Quote: I don't disagree with NOP's moral stance, but I do disagree, once again, with his advice. I think the fact that he is so HD sort of gives him a blindspot which allows him to believe that HDW will find success by treating their LDH's like LDW.
I don't have a problem with disagreement.
What I do find offensive is that rather than point out *how* you disgree with the opinion, you instead used a verbal shiv to discount *him* based on his openness about his/our past.
It stands to reason that we all offer our opinions which are going to be colored by our personality, our current life, our past.
Quote: . I agree that GEL is doing the right thing by being more affectionate with her H but I also believe that there is a definite limit to taking this approach with a man, even a very LD man.

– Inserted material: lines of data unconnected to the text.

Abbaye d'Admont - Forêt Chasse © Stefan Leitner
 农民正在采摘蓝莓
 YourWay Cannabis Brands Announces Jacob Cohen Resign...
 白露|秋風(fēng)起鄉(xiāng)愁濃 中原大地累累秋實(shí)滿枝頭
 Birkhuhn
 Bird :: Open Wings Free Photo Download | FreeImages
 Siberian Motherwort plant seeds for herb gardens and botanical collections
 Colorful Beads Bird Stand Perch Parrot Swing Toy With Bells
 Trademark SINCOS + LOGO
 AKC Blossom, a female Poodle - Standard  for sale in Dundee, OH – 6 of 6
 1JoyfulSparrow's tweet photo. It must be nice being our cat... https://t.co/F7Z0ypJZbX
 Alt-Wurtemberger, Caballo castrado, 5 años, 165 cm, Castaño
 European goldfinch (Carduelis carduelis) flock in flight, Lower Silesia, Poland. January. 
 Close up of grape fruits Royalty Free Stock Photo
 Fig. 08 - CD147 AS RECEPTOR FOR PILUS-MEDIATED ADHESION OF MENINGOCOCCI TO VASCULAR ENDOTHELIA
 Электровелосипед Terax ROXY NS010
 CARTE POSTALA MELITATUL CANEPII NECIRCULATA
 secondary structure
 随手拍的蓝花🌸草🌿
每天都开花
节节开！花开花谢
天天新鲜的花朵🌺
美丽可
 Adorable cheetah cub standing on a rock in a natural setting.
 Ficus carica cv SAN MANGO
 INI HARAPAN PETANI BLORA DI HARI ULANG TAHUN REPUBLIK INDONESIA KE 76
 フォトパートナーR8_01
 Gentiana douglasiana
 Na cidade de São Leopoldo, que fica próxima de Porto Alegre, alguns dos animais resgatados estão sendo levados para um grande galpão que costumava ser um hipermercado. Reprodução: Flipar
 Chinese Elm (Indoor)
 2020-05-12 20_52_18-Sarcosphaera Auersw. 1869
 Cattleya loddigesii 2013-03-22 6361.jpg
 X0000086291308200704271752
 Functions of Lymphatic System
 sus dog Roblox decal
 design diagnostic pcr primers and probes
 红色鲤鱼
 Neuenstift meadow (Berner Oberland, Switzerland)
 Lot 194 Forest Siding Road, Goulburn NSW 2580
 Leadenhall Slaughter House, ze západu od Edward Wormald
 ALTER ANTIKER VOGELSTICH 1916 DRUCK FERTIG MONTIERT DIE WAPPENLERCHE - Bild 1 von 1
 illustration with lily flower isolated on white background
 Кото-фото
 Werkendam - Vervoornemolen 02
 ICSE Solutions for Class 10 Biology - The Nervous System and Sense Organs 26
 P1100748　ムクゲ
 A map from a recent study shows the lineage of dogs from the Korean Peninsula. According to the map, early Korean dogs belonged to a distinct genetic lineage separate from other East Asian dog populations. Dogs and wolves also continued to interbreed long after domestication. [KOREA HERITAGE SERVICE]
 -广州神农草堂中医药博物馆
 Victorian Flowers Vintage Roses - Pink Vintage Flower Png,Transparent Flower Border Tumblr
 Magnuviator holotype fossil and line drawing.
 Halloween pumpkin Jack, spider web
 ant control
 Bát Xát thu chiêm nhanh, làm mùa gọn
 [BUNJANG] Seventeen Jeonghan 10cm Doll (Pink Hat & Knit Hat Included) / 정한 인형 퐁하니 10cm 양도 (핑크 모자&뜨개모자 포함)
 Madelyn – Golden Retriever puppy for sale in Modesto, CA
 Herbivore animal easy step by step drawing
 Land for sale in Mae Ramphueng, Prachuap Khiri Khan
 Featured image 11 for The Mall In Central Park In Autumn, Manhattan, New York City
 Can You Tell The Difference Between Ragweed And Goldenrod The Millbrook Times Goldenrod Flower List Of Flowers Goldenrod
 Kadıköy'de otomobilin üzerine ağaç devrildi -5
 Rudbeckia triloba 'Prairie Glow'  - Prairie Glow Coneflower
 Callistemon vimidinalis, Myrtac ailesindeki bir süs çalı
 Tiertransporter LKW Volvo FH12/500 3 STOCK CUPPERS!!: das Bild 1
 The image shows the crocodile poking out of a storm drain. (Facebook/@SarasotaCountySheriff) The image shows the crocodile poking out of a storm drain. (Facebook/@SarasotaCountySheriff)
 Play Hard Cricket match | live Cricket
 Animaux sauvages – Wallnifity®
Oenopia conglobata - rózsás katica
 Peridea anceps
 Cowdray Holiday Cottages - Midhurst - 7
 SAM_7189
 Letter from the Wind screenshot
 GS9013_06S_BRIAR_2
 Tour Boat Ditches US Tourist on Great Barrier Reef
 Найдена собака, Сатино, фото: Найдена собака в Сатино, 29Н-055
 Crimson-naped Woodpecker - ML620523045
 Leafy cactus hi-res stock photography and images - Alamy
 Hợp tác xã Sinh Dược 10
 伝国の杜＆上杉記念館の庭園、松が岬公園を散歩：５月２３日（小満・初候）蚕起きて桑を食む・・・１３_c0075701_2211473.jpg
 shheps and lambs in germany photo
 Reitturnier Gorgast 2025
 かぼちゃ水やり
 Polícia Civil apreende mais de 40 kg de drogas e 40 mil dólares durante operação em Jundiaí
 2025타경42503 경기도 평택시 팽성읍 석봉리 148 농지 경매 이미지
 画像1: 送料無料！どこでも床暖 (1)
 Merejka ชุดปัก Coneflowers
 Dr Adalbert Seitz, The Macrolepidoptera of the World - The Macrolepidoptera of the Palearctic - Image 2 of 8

I know that one of the assertions I have heard repeatedly by many of the men posting here is that they miss receiving affection from their wives. Reading sociological literature shows that affection is usually listed as one of the basic human needs. How that affection is expressed will have to be modulated to fit into each relationship.
Perhaps you perceive affection as something clingy and cuddly and it can often be expressed that way. But I think the base of affection is actually regard, attachment, and tenderness of heart toward another person. How that actually gets expressed can vary.
I think Jenny's point is that increased affection doesn't necessarily "soften" up a guy towards lovemaking in the same way that it might for an LDW.
The only way that affection leads to sex, in my home, is if that affection directly stimulates him and causes him to get hard. Otherwise, he just eats it up for what it is--tenderness of heart towards another person. Very well put, btw!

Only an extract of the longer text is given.